- [Instructions for the task]:
Leave out the pictures and output exactly the lines below from the one with "Seremi de Medio" down to the one with "Nissan Sentra 2.0 2008", both of them included.

- [Data listing]:
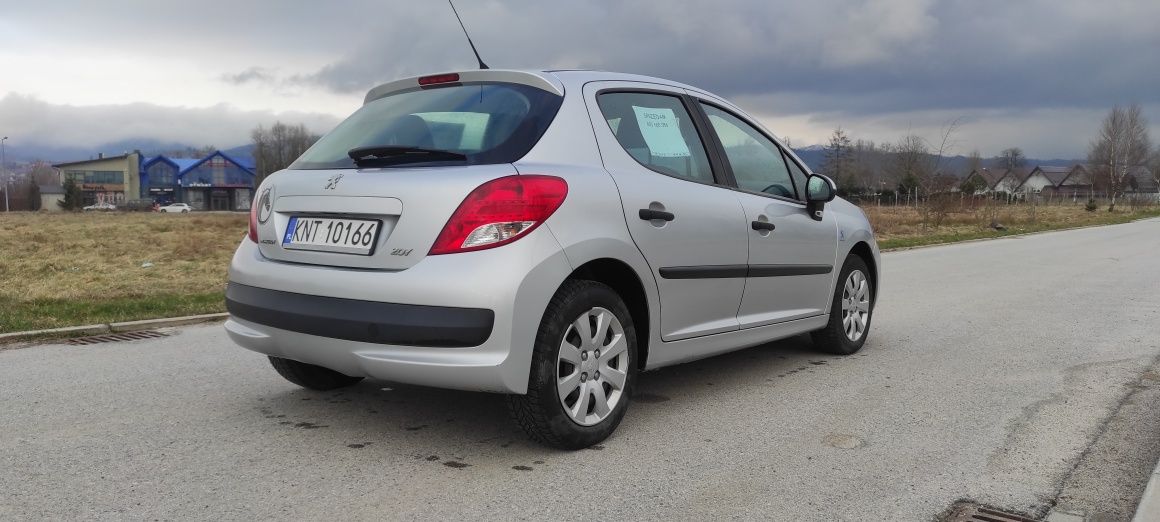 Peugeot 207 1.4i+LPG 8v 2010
---
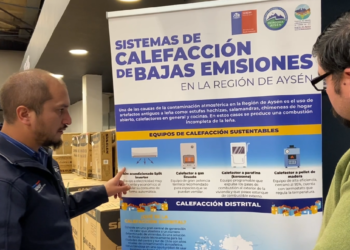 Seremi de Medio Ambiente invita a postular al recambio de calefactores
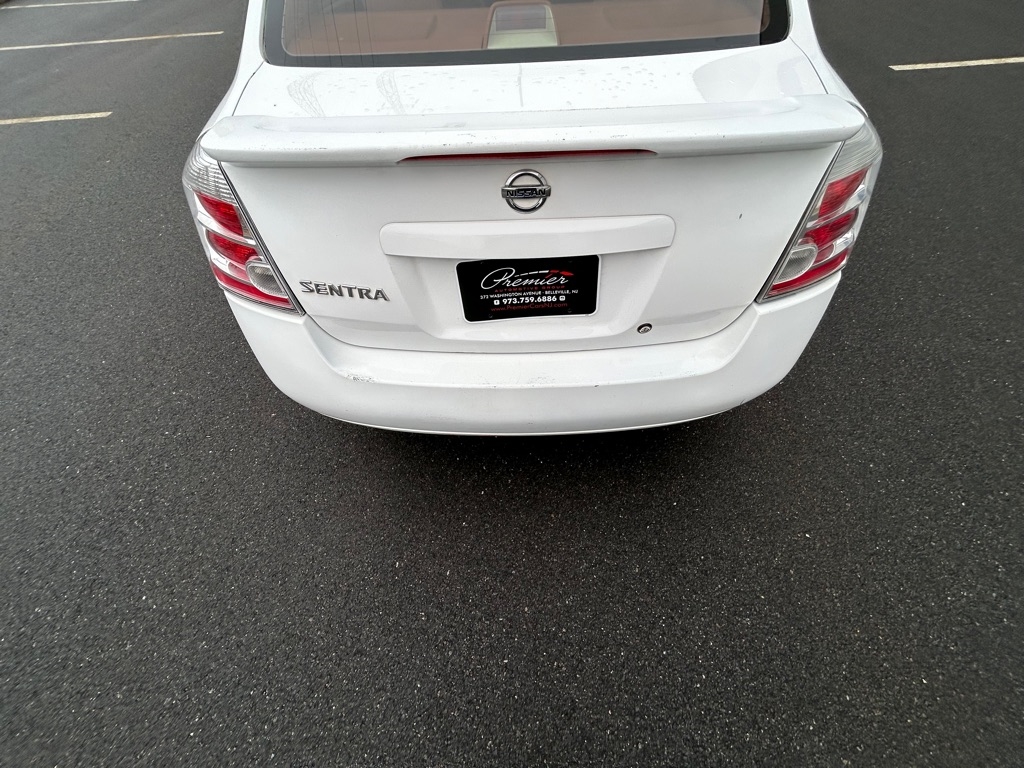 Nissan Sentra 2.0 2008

- [Output of the exercise]:
 Seremi de Medio Ambiente invita a postular al recambio de calefactores
 Nissan Sentra 2.0 2008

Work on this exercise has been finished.